To protect the lower layers, the first layer of trash to go in a landfill is specially selected fluffy house trash, not sharp or jagged material. Then in goes the regular loads.
On an average working day 450 tons of trash are dumped in the Seccra landfill which adds up to approximately 120,000 tons a year. Each vehicle, whether private or municipal, is weighed by the weigh master and checked for radiation going in and then weighed again going out and charged accordingly. All day long as the trash arrives, heavy machines push it evenly around the cell while others drive over and over it to compress it.
Mengel said although they have never had to go digging in the landfill for anything dastardly, often people come in a panic wanting to search for money or other important items mistakenly discarded that day. He said if they contact their trash company and arrive at the landfill before the truck and ready to get dirty, chances are good they could find what they lost.
Each day's trash is covered with dirt. Any wind blown trash is caught in the cell's perimeter fencing and picked up each day. "The trash business is not glamorous work," Mengel said, as if to dispel any misconceptions.
A dump is the last thing Seccra wants its property to look like. But, this time of year the seagulls and turkey buzzards give its purpose away. Gulls winter at the landfill and presumably return to the beaches in the warm months. Turkey buzzards, on the other hand, hang around all year and are known in landfill jargon as "trash eagles."
Seccra has "adopted" the stretches of roads surrounding it and keeps all trash picked up. But, Mengel maintained, all the roadside trash is "thrown, not blown."
Tire washers wash the muddy tires of each vehicle that leaves the landfill area and a street cleaner keeps busy on Route 926 sweeping any residual mud off the road. "We're just trying to be a good neighbor," he said.

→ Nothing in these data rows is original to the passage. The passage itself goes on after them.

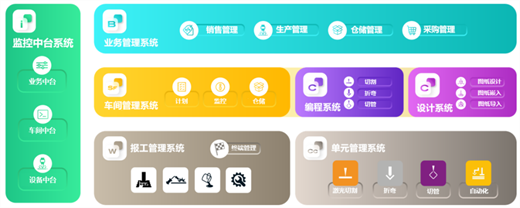 百超智慧工廠:引領企業(yè)自動化生產(chǎn)的先進解決方案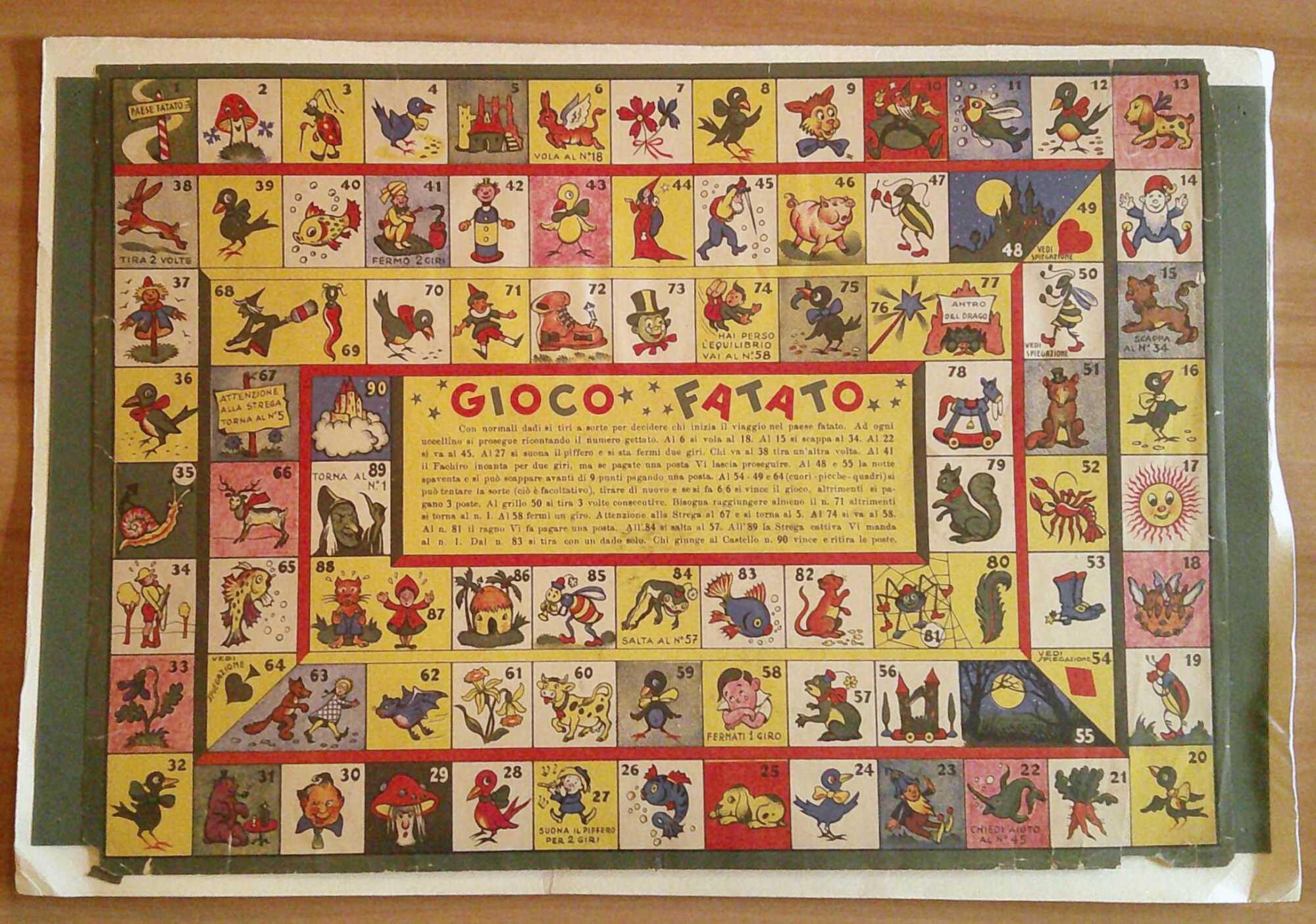 L'angolo del collezionista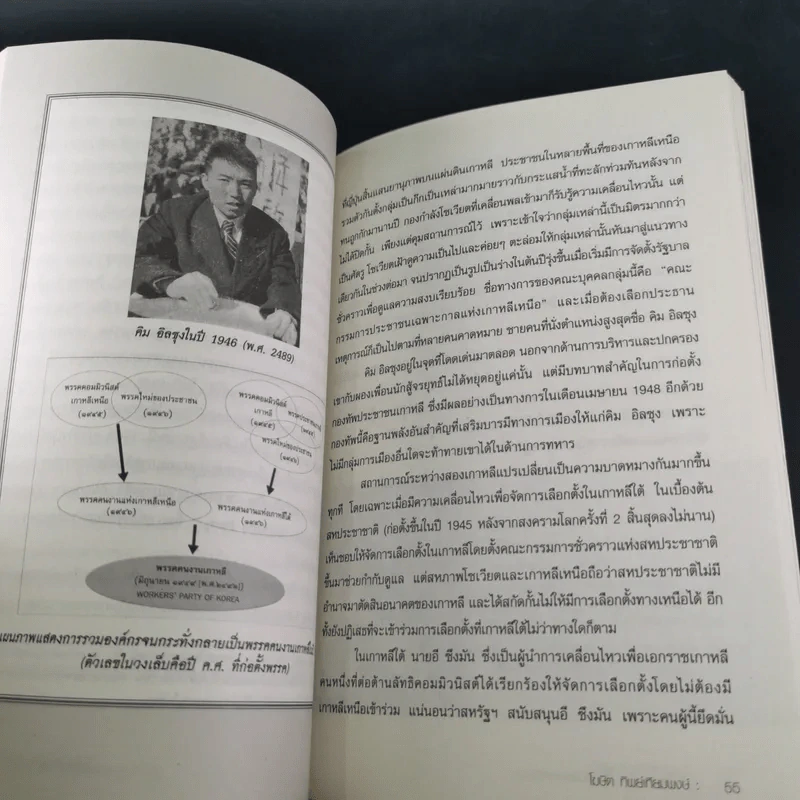 ไขปริศนา อาณาจักรสนธยา เกาหลีเหนือ - โฆษิต ทิพย์เทียมพงษ์ รูปที่ 15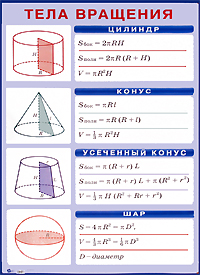 Тела вращения. Плакат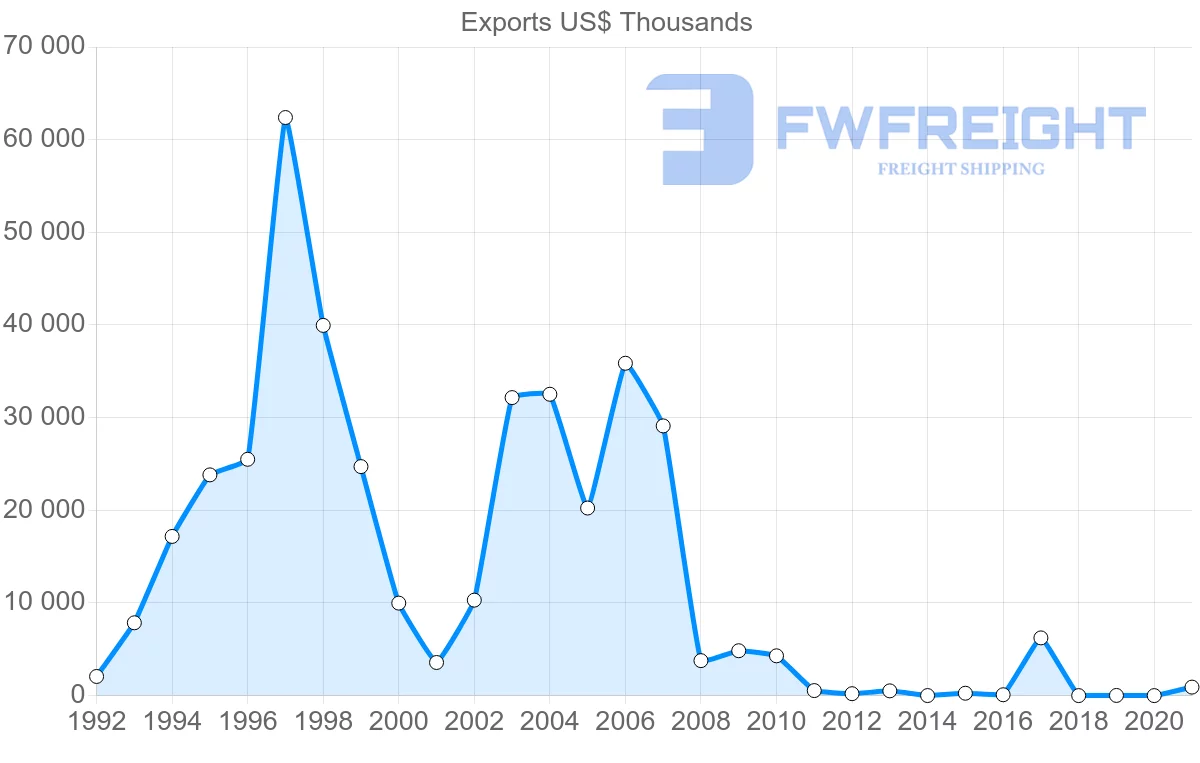 Shipping company from Dominican Republic to Vietnam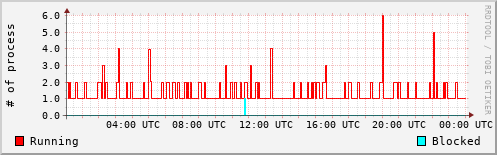 System Loads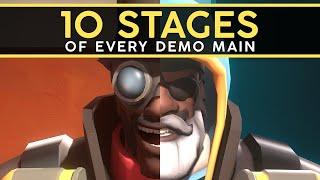 The 10 Stages of Every Demo Main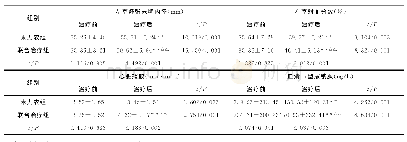 表2 两组心功能指标比较（±s,n=50)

Under a grassy hillside on the property is a million tons of trash filling its first cells. They were covered with dirt, layer upon layer, and now have been returned to the landscape. It is Seccra's goal for people to say they would have never known what lay beneath the hill.
Trash disposal is a heavily regulated industry with continuous monitoring of groundwater, surface water and emissions.
The methane gas collected from the landfill is burned in a flare. But, by summer, Mengel said, Seccra plans to convert the methane to energy, providing electricity without the use of fossil fuels. "We could power 200 homes just on what would have been wasted otherwise, stinking up the air."
There is no denying that trash stinks, he acknowledged. But, Seccra is proud that no one has complained about odor in many years.
Yet, according to Mengel, London Grove Township is reluctant to grant the permits necessary for expansion of the landfill. "We are fighting for our life, but people are afraid of what they don't understand. We are the solution, not the problem. If the community knows what we do, I really think they'll support us. The trash is not going to go away, if we go away. If we're not here, trash will find its way to be everywhere," Mengel said.
For every ton of trash it collects, Seccra, a non-profit agency, pays the township a dollar, amounting to approximately $120,000 per year. The E. Kneale Dockstader Foundation, established by the Seccra board of directors, also donates the same amount to provide grants, scholarships and programs to promote environmental education in its service area.
Waste reduction is beneficial to everyone, Mengel said. To that end Seccra provides recycling of plastic, glass, aluminum, metal food containers and paper, as well as yard waste, motor oil, tires and appliances. Once a year it holds a document shredding event and an electronics collection.